Autoencoding Slow Representations for Semi-supervised Data Efficient Regression
This work provides an incremental improvement in data-efficient regression for researchers and practitioners working with time-series data by leveraging slow representations.
This paper explores the 'slowness principle' for unsupervised representation learning, where underlying generative factors change slowly over time, to improve data-efficient regression. By adding slowness regularization to a beta-VAE, the authors compare existing L1/L2 losses and a new Brownian motion-based term, finding that slow representations consistently lead to equal or better downstream task performance and data efficiency.
The slowness principle is a concept inspired by the visual cortex of the brain. It postulates that the underlying generative factors of a quickly varying sensory signal change on a slower time scale. Unsupervised learning of intermediate representations utilizing abundant unlabeled sensory data can be leveraged to perform data-efficient supervised downstream regression.

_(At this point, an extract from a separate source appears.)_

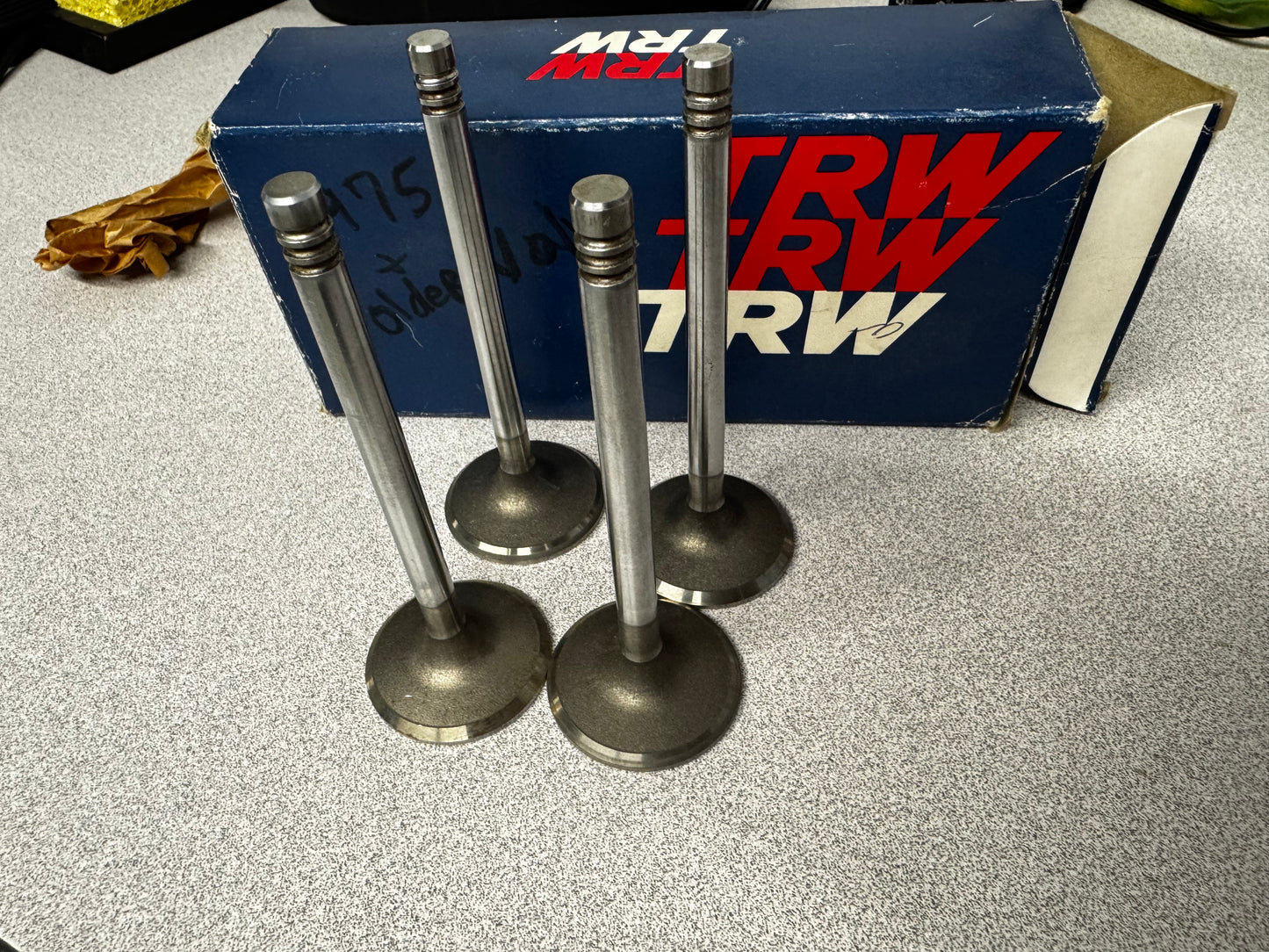NOS - Volvo B20/B30 Intake Valves Qty.4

In this paper, we propose a general formulation of slowness for unsupervised representation learning adding a slowness regularization term to the estimate lower bound of the beta-VAE to encourage temporal similarity in observation and latent space. Within this framework we compare existing slowness regularization terms such as the L1 and L2 loss used in existing end-to-end methods, the SlowVAE and propose a new term based on Brownian motion. We empirically evaluate these slowness regularization terms with respect to their downstream task performance and data efficiency. We find that slow representations lead to equal or better downstream task performance and data efficiency in different experiment domains when compared to representations without slowness regularization. Finally, we discuss how the Frechet Inception Distance (FID), traditionally used to determine the generative capabilities of GANs, can serve as a measure to predict the performance of pre-trained Autoencoder model in a supervised downstream task and accelerate hyperparameter search.